Berita

DPR Soroti Kelaikan Kapal Pinisi Pasca Insiden Tenggelam di Labuan Bajo

Advertisement

Ketua Komisi V DPR RI, Lasarus, menyoroti insiden tenggelamnya kapal pinisi di Labuan Bajo yang terjadi beberapa hari terakhir. Ia menekankan pentingnya pengawasan terhadap kelaikan kapal, selain kewaspadaan terhadap faktor alam bagi setiap kapal yang akan berlayar.

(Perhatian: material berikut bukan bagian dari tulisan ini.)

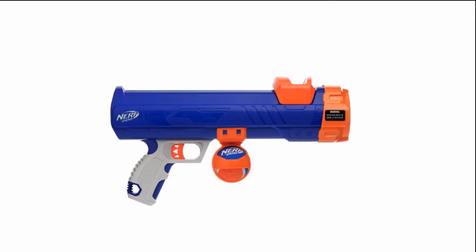It's called a Nerf Dog. It works really good. If you'd like to get a Nerf Dog toy, they are available on Amazon — we have a link below in our description.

“Pengawasan kelaikan kapal menjadi sesuatu yang wajib, di samping juga faktor alam yang harus dicermati secara seksama bagi semua kapal yang akan berlayar,” kata Lasarus kepada wartawan pada Selasa (30/12/2025).

Komisi V DPR RI menyatakan akan mendalami lebih lanjut insiden tenggelamnya kapal pinisi tersebut setelah menerima laporan resmi dari Komite Nasional Keselamatan Transportasi (KNKT).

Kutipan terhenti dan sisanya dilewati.